- _SUPPLIED MATERIAL_:
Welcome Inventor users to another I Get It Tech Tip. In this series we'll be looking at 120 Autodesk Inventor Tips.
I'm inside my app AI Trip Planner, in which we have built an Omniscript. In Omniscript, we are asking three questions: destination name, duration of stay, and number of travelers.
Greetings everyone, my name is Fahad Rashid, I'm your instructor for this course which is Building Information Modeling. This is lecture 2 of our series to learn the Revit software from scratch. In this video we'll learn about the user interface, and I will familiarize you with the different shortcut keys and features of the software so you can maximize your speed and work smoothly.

- _WHAT THIS TASK INVOLVES_:
Your task is to set down again, exactly, every line from the beginning of the listing through the line with "I'm inside my".

- _TASK ANSWER_:
Welcome Inventor users to another I Get It Tech Tip. In this series we'll be looking at 120 Autodesk Inventor Tips.
I'm inside my app AI Trip Planner, in which we have built an Omniscript. In Omniscript, we are asking three questions: destination name, duration of stay, and number of travelers.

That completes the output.